Dataset records —
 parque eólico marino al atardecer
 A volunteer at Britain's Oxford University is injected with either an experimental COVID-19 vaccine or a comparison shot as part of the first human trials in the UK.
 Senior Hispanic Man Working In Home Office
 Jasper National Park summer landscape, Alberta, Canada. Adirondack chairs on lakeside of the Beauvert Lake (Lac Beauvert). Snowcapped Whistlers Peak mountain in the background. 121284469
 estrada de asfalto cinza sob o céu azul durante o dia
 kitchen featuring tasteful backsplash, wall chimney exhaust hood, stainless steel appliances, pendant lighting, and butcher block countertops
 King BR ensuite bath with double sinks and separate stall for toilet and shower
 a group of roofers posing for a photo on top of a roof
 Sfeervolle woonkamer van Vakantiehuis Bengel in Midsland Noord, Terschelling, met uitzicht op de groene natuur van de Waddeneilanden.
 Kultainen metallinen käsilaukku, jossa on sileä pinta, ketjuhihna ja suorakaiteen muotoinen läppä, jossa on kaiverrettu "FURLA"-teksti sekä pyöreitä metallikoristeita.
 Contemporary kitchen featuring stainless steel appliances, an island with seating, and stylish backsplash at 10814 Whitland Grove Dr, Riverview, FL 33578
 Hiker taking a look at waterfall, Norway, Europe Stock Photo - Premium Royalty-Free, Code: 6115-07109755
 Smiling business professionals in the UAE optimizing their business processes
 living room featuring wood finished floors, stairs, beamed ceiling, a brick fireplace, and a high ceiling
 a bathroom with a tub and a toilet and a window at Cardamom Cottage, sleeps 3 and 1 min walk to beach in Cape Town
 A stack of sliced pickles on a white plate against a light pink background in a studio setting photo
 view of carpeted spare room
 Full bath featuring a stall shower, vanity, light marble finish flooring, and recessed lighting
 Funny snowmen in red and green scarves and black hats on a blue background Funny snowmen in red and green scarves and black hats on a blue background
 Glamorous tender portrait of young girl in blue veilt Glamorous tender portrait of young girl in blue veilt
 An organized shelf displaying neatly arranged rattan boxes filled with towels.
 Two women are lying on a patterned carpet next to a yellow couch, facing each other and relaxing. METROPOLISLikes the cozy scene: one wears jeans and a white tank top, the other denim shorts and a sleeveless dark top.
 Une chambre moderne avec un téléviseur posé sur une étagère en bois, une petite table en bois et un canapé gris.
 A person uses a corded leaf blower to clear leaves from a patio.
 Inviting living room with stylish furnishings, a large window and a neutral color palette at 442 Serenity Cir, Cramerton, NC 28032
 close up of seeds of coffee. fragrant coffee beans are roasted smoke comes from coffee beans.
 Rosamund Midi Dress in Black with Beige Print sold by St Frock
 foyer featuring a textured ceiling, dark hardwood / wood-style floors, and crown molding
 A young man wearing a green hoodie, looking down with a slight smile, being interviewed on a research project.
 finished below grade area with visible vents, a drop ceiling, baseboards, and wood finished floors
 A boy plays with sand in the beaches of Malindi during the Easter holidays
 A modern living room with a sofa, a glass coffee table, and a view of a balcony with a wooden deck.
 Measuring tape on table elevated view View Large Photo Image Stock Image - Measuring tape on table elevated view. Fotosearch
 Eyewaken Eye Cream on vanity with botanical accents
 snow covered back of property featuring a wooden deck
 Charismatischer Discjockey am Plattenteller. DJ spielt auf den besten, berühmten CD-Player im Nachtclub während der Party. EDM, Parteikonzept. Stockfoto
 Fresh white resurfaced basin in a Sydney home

What you should do — The response must consist solely of the lines from the first line of the entries through the line containing "estrada de asfalto", repeated exactly.

Exercise response —
 parque eólico marino al atardecer
 A volunteer at Britain's Oxford University is injected with either an experimental COVID-19 vaccine or a comparison shot as part of the first human trials in the UK.
 Senior Hispanic Man Working In Home Office
 Jasper National Park summer landscape, Alberta, Canada. Adirondack chairs on lakeside of the Beauvert Lake (Lac Beauvert). Snowcapped Whistlers Peak mountain in the background. 121284469
 estrada de asfalto cinza sob o céu azul durante o dia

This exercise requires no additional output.